*** Opening Given records ***

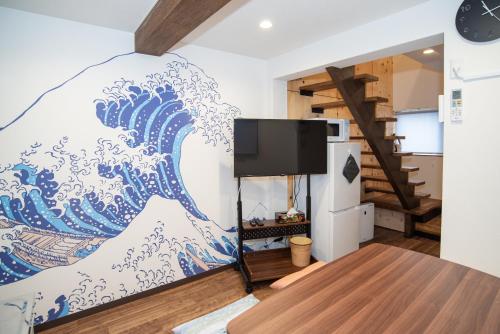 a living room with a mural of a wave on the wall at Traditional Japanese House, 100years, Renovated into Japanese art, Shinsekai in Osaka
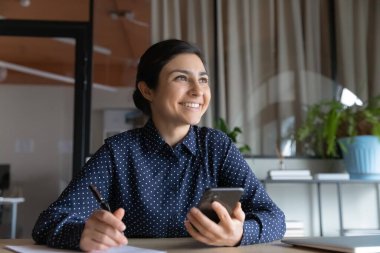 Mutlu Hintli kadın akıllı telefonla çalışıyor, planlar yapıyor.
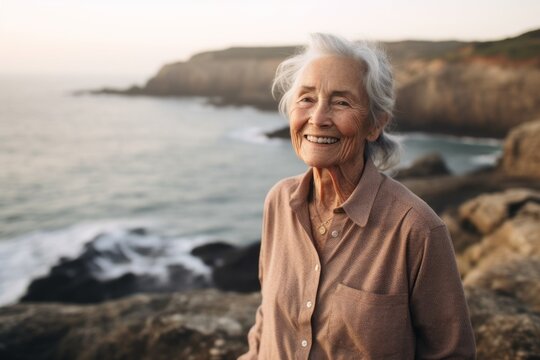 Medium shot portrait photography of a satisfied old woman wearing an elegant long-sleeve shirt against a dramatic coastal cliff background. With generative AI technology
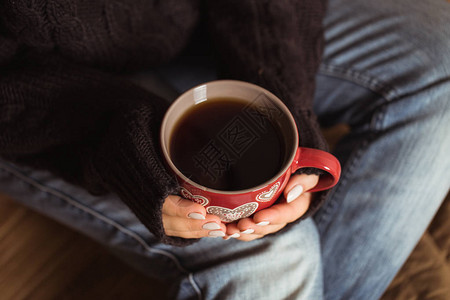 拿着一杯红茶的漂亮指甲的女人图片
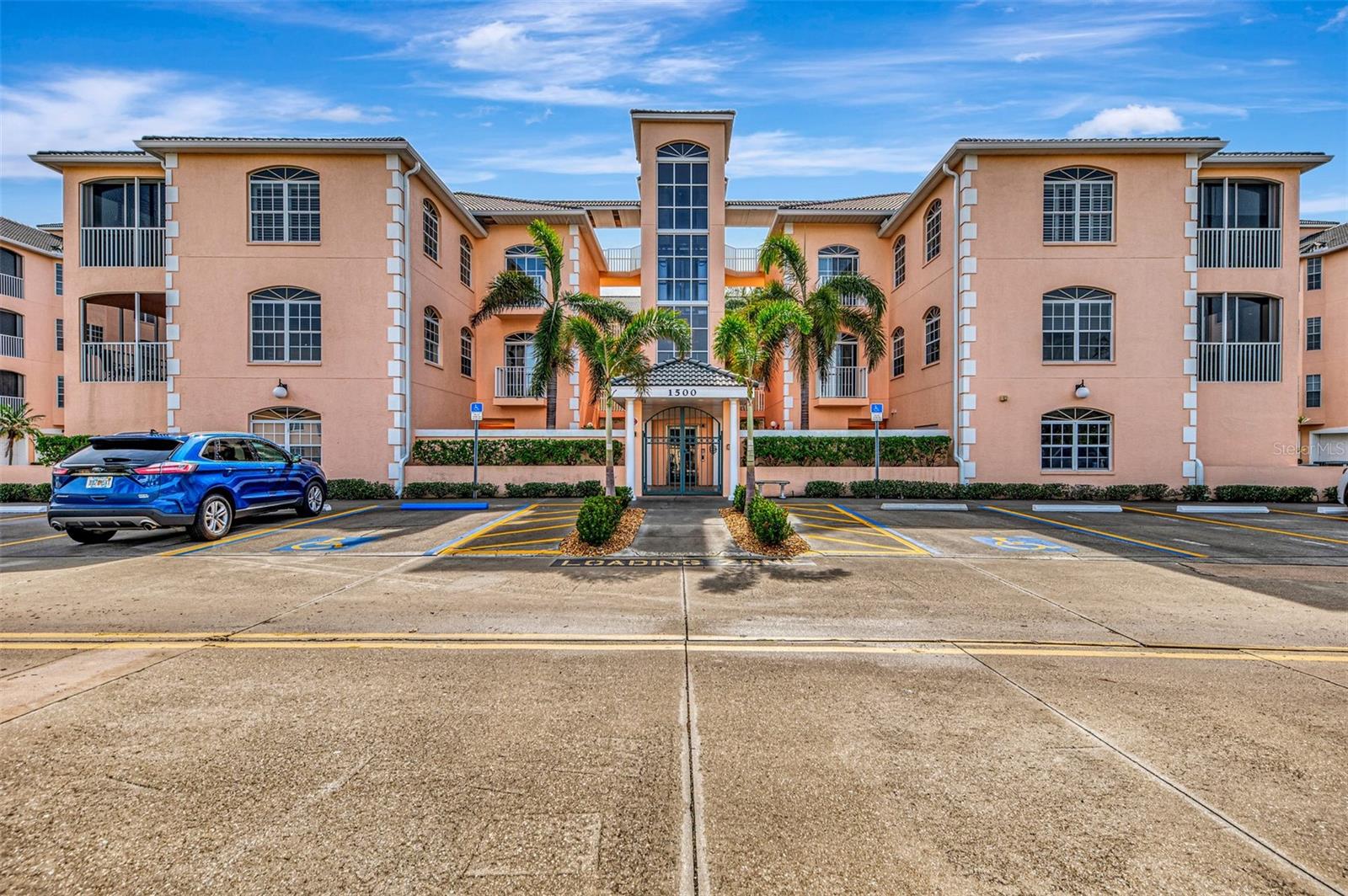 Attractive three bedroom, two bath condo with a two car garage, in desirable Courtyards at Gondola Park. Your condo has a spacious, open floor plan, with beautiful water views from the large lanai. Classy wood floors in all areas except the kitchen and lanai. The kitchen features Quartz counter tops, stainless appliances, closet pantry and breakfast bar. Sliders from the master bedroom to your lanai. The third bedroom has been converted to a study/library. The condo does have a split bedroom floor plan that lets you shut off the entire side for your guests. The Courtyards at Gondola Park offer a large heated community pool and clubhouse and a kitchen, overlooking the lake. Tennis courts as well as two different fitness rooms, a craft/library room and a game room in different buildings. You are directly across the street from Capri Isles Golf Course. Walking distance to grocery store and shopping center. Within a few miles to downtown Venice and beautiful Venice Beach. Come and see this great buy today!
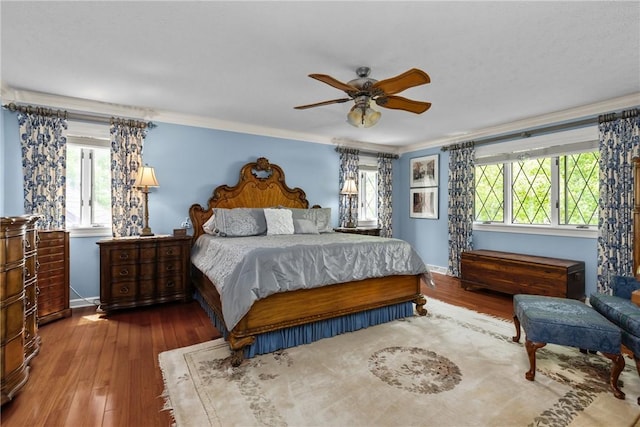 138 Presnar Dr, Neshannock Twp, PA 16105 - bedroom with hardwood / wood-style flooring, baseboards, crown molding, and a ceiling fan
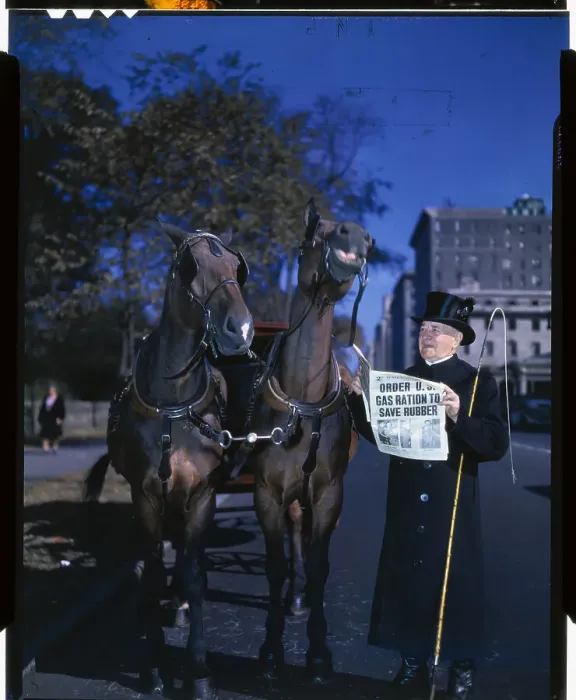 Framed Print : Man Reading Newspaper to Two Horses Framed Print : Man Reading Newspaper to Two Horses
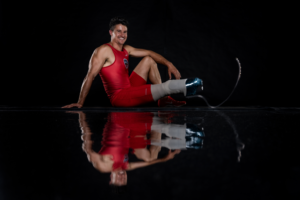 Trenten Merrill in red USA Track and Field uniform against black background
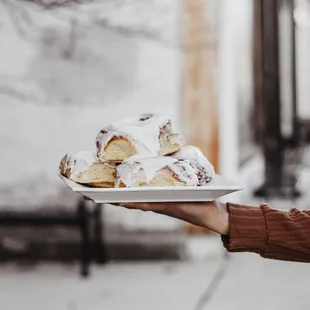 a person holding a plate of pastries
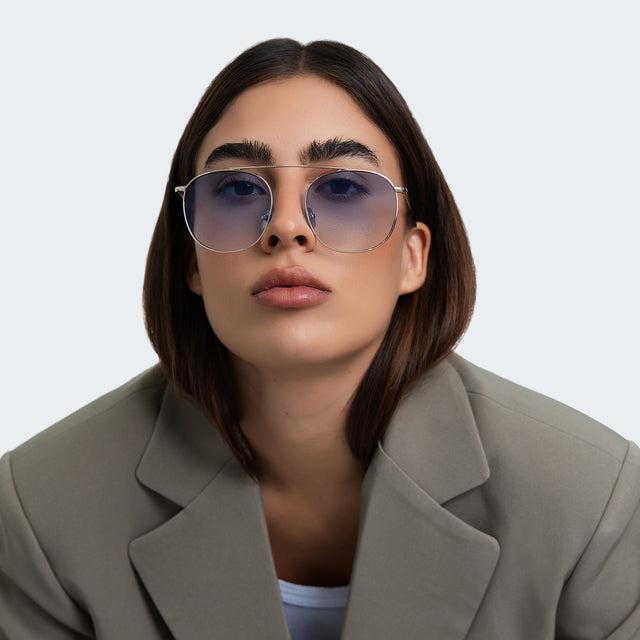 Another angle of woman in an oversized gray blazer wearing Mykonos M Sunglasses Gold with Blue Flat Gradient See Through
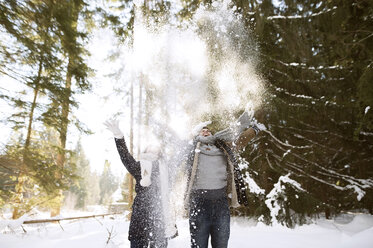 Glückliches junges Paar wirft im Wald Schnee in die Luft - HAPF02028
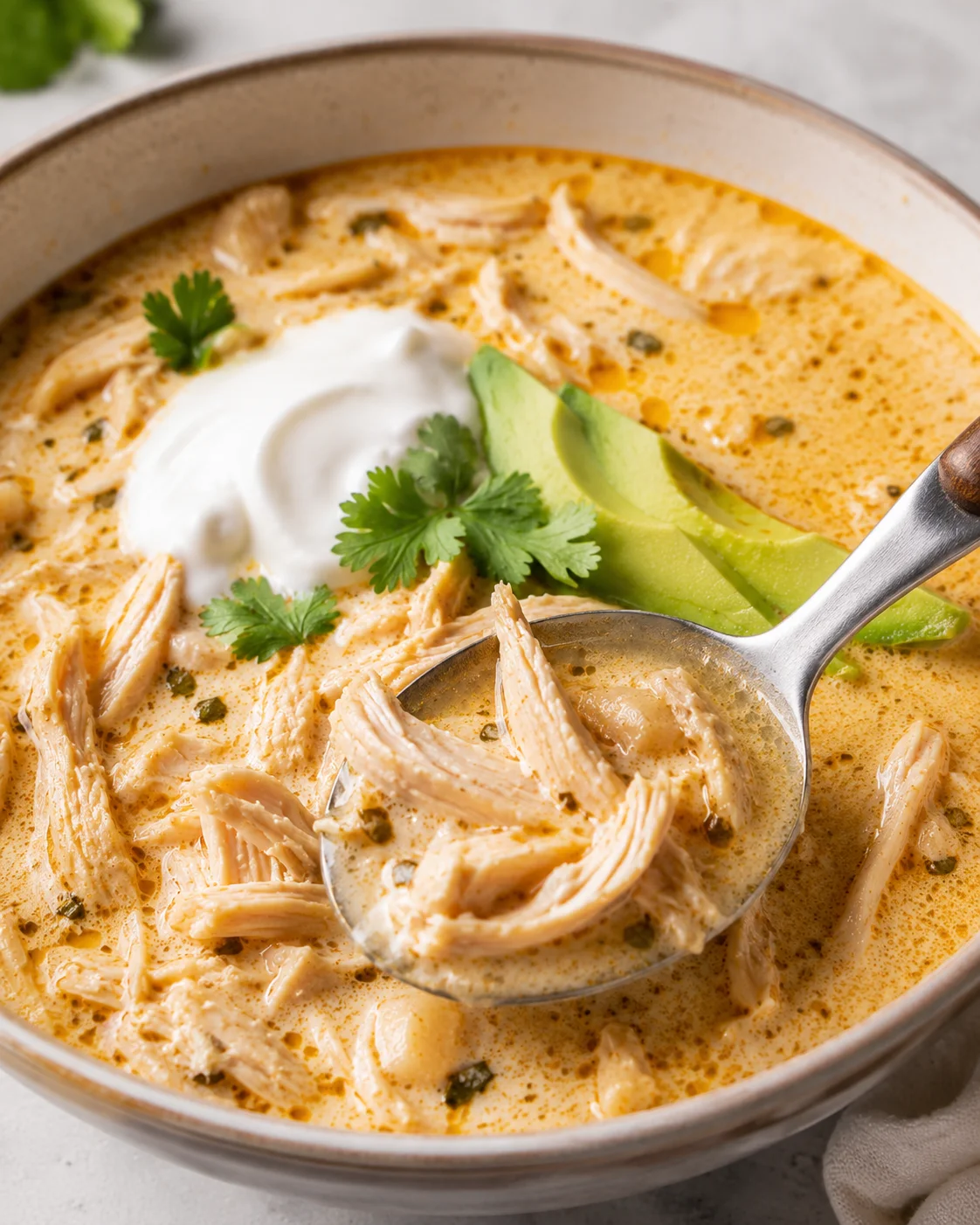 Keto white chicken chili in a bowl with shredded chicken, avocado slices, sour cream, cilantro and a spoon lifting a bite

*** Closing Given records ***

The answer is a faithful copy of the records above, with the pictures removed.

• [Exercise solution]:
 a living room with a mural of a wave on the wall at Traditional Japanese House, 100years, Renovated into Japanese art, Shinsekai in Osaka
 Mutlu Hintli kadın akıllı telefonla çalışıyor, planlar yapıyor.
 Medium shot portrait photography of a satisfied old woman wearing an elegant long-sleeve shirt against a dramatic coastal cliff background. With generative AI technology
 拿着一杯红茶的漂亮指甲的女人图片
 Attractive three bedroom, two bath condo with a two car garage, in desirable Courtyards at Gondola Park. Your condo has a spacious, open floor plan, with beautiful water views from the large lanai. Classy wood floors in all areas except the kitchen and lanai. The kitchen features Quartz counter tops, stainless appliances, closet pantry and breakfast bar. Sliders from the master bedroom to your lanai. The third bedroom has been converted to a study/library. The condo does have a split bedroom floor plan that lets you shut off the entire side for your guests. The Courtyards at Gondola Park offer a large heated community pool and clubhouse and a kitchen, overlooking the lake. Tennis courts as well as two different fitness rooms, a craft/library room and a game room in different buildings. You are directly across the street from Capri Isles Golf Course. Walking distance to grocery store and shopping center. Within a few miles to downtown Venice and beautiful Venice Beach. Come and see this great buy today!
 138 Presnar Dr, Neshannock Twp, PA 16105 - bedroom with hardwood / wood-style flooring, baseboards, crown molding, and a ceiling fan
 Framed Print : Man Reading Newspaper to Two Horses Framed Print : Man Reading Newspaper to Two Horses
 Trenten Merrill in red USA Track and Field uniform against black background
 a person holding a plate of pastries
 Another angle of woman in an oversized gray blazer wearing Mykonos M Sunglasses Gold with Blue Flat Gradient See Through
 Glückliches junges Paar wirft im Wald Schnee in die Luft - HAPF02028
 Keto white chicken chili in a bowl with shredded chicken, avocado slices, sour cream, cilantro and a spoon lifting a bite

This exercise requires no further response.